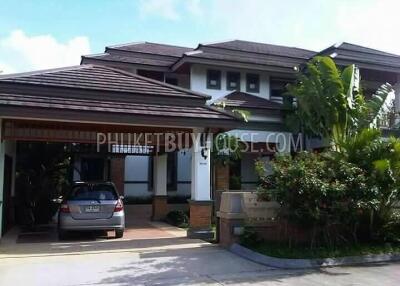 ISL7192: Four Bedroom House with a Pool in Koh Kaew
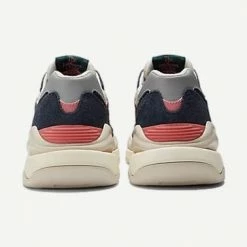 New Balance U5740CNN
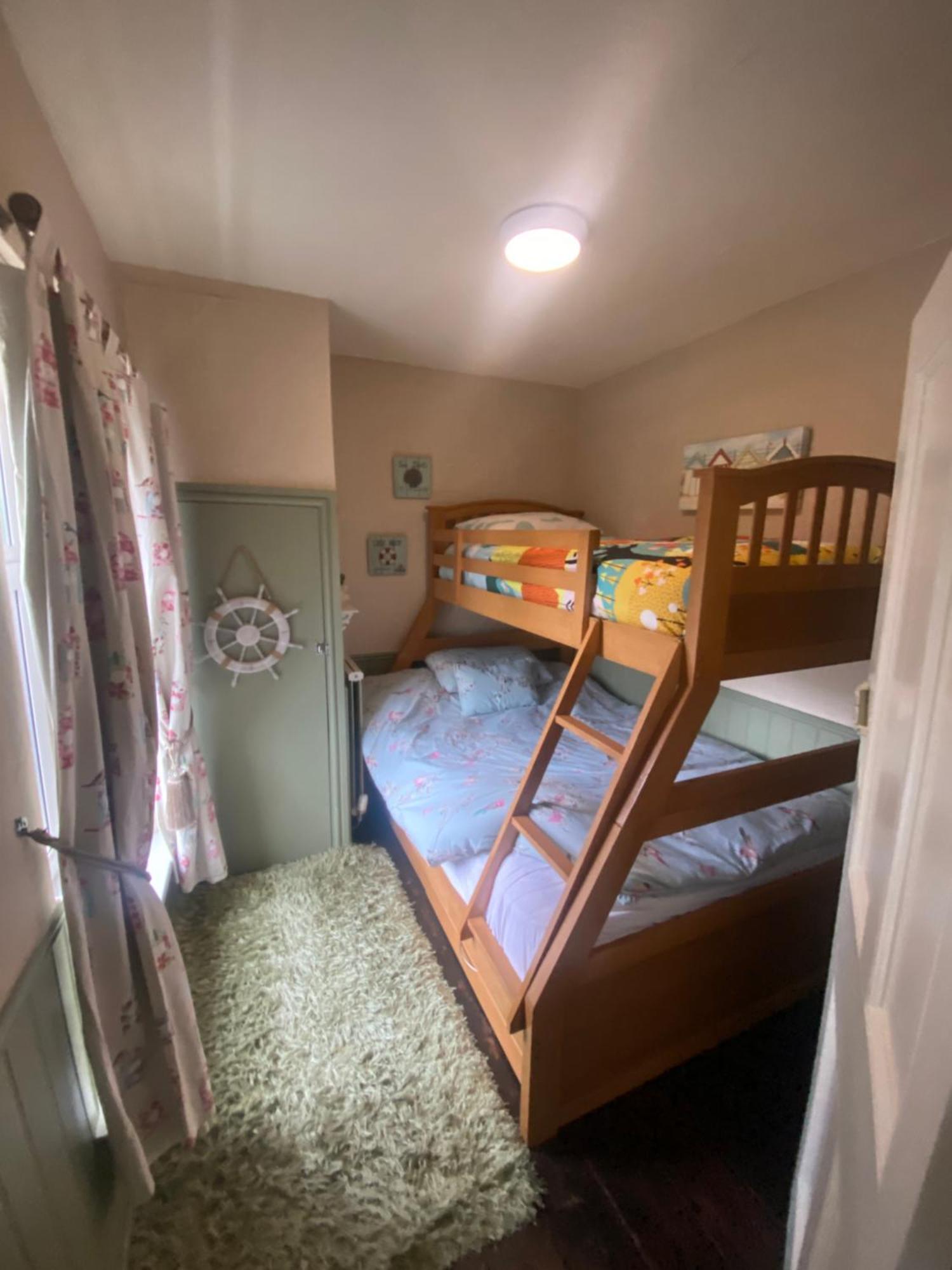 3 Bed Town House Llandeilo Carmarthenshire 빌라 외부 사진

...

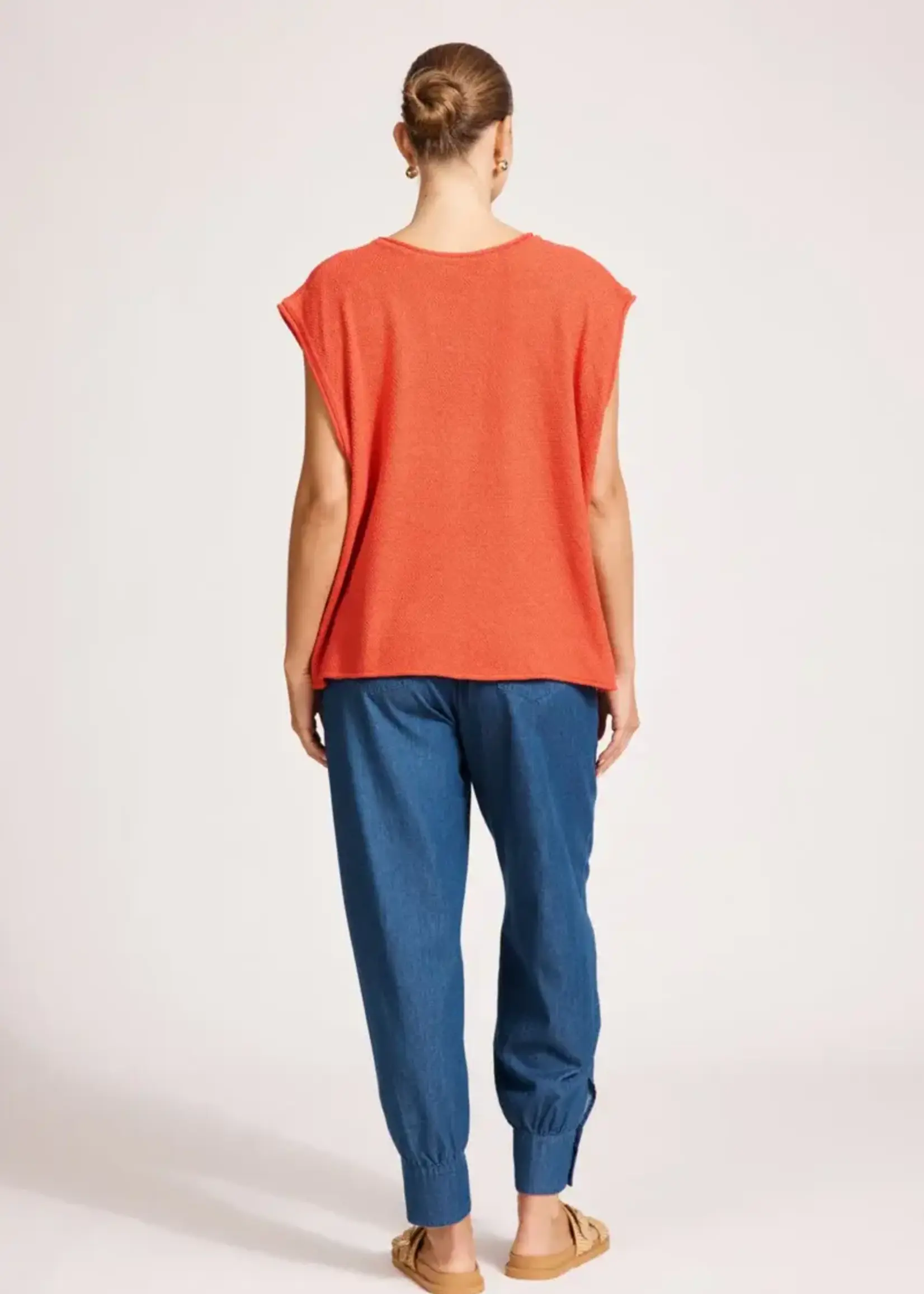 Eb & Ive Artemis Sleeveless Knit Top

* * *

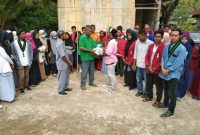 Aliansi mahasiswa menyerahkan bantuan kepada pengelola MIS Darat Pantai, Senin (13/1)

**Work to complete**
When you reach the line containing "ISL7192: Four Bedroom" in the entries above, begin restating word for word, and stop once the line containing "3 Bed Town House" has been given. Omit the pictures.

**The completed task**
 ISL7192: Four Bedroom House with a Pool in Koh Kaew
 New Balance U5740CNN
 3 Bed Town House Llandeilo Carmarthenshire 빌라 외부 사진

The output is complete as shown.